Addressing the imposition of sanctions for spoliation in a US International Trade Commission (ITC) case, the US Court of Appeals for the Federal Circuit upheld the ITC’s imposition of default judgment sanctions and an exclusion order for the willful destruction of evidence, twice citing the administrative law judge’s characterization of the behavior as “gross bad faith.” Organik Kimya, San. Ve Tic. A.S. v. ITC, Case No. 15-1774 (Fed. Cir., Feb. 15, 2017) (O’Malley, J).
The case relates to trade secrets for opaque polymers, hollow spheres that are added to paint to increase its opacity. Dow filed an ITC complaint seeking an investigation into Organik Kimya’s product based on infringement of four patents. During the course of discovery, Dow added trade secret misappropriation claims after discovering that Organik may have worked with three former Dow employees to develop its opaque polymers.
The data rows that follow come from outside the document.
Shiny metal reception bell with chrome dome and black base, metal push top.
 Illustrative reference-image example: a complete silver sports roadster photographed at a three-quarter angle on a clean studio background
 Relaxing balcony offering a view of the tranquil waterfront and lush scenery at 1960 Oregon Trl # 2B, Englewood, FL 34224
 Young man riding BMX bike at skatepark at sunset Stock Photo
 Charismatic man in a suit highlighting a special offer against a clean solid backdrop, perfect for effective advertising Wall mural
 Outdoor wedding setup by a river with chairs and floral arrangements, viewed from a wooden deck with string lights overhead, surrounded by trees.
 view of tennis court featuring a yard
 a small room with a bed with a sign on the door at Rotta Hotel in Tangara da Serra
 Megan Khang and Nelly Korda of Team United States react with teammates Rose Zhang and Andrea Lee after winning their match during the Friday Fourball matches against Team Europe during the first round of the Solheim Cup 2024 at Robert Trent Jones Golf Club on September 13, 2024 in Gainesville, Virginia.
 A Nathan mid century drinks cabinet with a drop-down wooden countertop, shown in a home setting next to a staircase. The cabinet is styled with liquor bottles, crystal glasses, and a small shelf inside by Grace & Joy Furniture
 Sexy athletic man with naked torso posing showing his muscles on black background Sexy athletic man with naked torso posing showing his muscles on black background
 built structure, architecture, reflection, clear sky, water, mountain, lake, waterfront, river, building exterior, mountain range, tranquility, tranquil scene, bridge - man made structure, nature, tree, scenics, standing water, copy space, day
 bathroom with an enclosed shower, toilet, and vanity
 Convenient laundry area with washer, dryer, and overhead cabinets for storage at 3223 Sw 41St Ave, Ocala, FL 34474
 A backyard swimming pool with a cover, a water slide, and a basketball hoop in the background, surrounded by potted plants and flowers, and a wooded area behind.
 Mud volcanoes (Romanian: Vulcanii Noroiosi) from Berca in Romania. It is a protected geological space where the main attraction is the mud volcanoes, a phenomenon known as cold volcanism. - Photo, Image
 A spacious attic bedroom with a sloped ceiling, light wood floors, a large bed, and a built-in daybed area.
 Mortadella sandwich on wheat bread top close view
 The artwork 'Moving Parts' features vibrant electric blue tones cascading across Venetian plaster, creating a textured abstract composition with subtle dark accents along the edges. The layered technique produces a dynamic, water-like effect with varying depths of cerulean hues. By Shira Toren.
Dow sought discovery related to the three former employees and, in the process, “discovered spoliation of evidence on a staggering scale.” The list of evidence destroyed is extensive, but it includes use of specialized software to wipe a laptop hard drive after the ITC authorized Dow to review it, physically destroying other computer equipment, and “accidentally” losing a laptop and external drives in a rest stop bathroom (shudder quotes in original). As a result, the ITC imposed a default judgment sanction on Organik, as well as a 25-year exclusion order. Organik appealed.
The Federal Circuit affirmed both the default judgment sanction and the exclusion order. The court determined that the ITC was within its authority to impose a default judgment sanction for non-compliance with a discovery order. The Court acknowledged that such a sanction is extreme and reserved for only the most serious of cases. However, the Court also noted that sanctions are reviewed only for abuse of discretion, and that in this case the ITC made numerous factual findings supporting its determination. The Court further noted that this case falls “squarely” within the type of conduct that merits default judgment, although not all discovery non-compliance would do so.
In terms of the ITC’s 25-year exclusion order, Organik challenged the length of the order, which was intended to last as long as it would take to independently develop the misappropriated trade secrets. Again the Federal Circuit affirmed the ITC, noting that the ITC found that Dow’s expert credibly testified that it would take Organik 15 to 25 years to develop the technology in question and Organik’s only arguments to the contrary were based on re-litigating the merits of the trade secret dispute it had already lost.